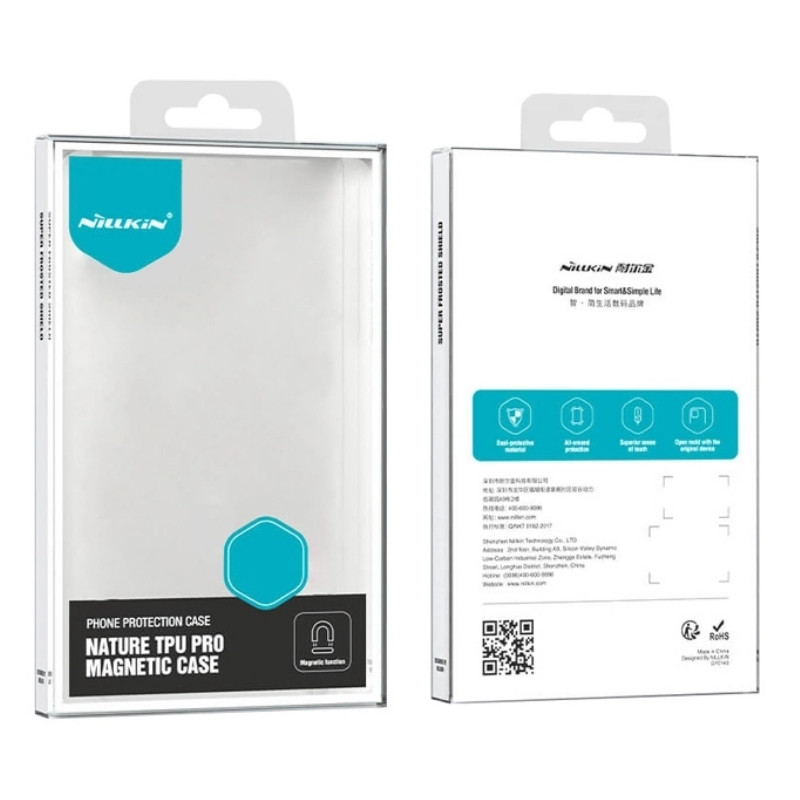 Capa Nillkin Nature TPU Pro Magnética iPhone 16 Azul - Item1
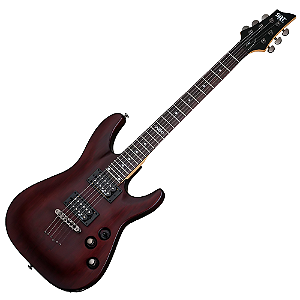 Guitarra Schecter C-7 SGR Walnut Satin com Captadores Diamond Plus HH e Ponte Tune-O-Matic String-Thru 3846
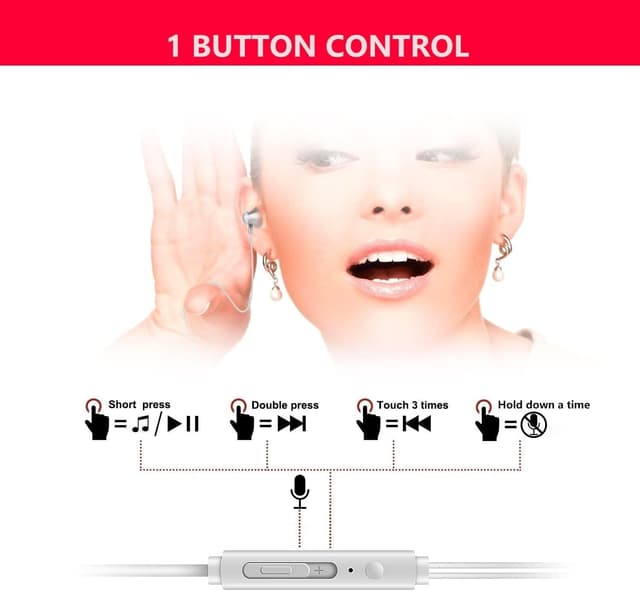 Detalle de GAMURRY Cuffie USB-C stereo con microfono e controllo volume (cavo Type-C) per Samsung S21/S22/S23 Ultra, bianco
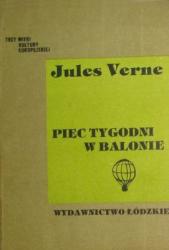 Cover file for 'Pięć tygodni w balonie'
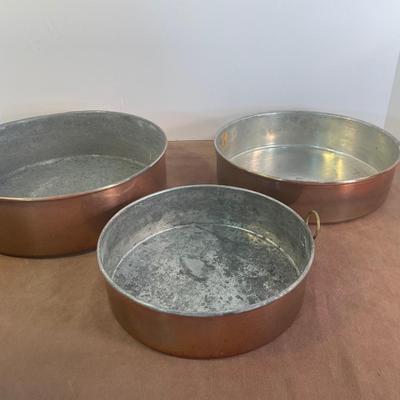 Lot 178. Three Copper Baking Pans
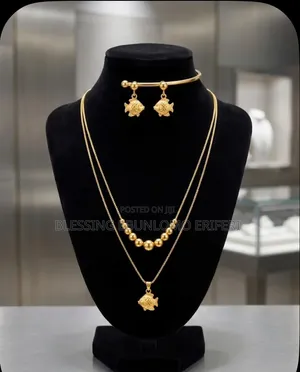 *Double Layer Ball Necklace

....

Here the lines from the one with "Detalle de GAMURRY" through the last line of the data above need to be repeated exactly, both included, and any picture omitted.

 Detalle de GAMURRY Cuffie USB-C stereo con microfono e controllo volume (cavo Type-C) per Samsung S21/S22/S23 Ultra, bianco
 Cover file for 'Pięć tygodni w balonie'
 Lot 178. Three Copper Baking Pans
 *Double Layer Ball Necklace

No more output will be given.